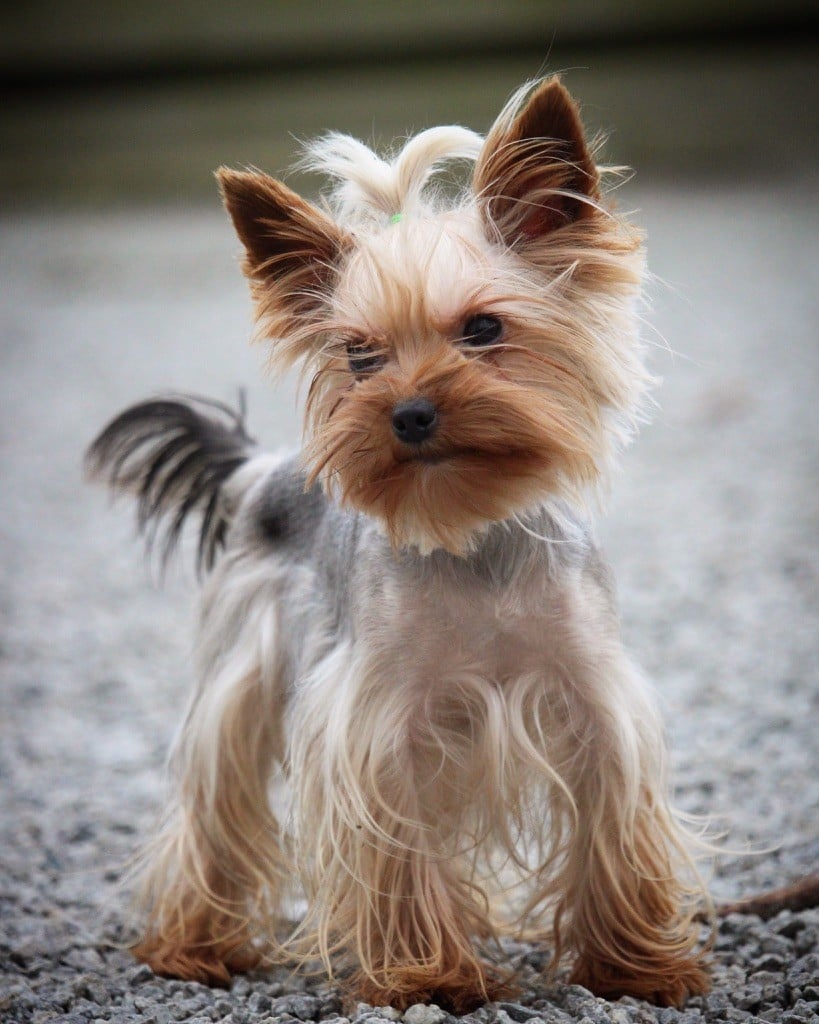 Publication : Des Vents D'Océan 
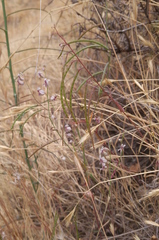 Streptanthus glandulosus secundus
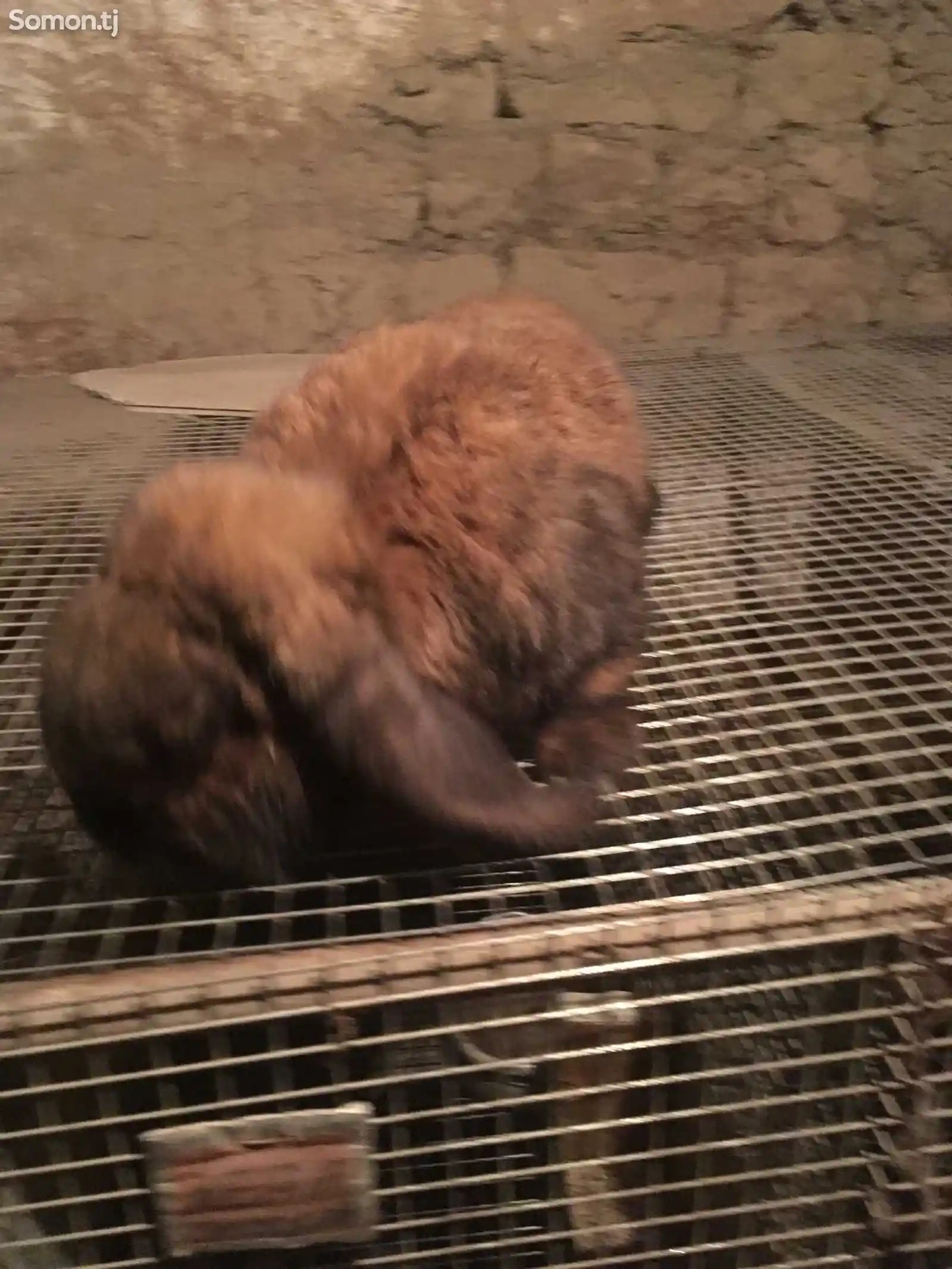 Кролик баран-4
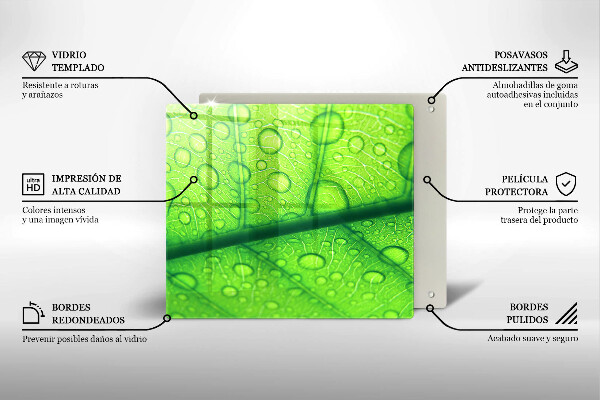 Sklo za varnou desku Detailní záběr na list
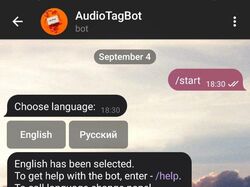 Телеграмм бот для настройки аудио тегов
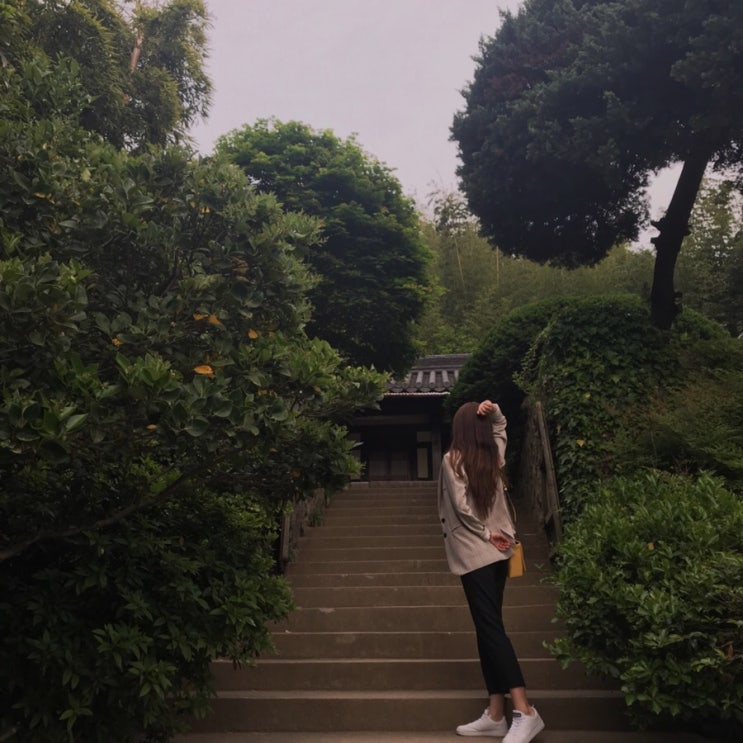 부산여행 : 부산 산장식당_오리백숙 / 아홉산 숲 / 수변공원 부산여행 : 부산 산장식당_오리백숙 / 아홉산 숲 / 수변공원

·····

**EXERCISE:**
Return each of the lines exactly as they appear above, with no images.

**RESULT OF THE TASK:**
 Publication : Des Vents D'Océan 
 Streptanthus glandulosus secundus
 Кролик баран-4
 Sklo za varnou desku Detailní záběr na list
 Телеграмм бот для настройки аудио тегов
 부산여행 : 부산 산장식당_오리백숙 / 아홉산 숲 / 수변공원 부산여행 : 부산 산장식당_오리백숙 / 아홉산 숲 / 수변공원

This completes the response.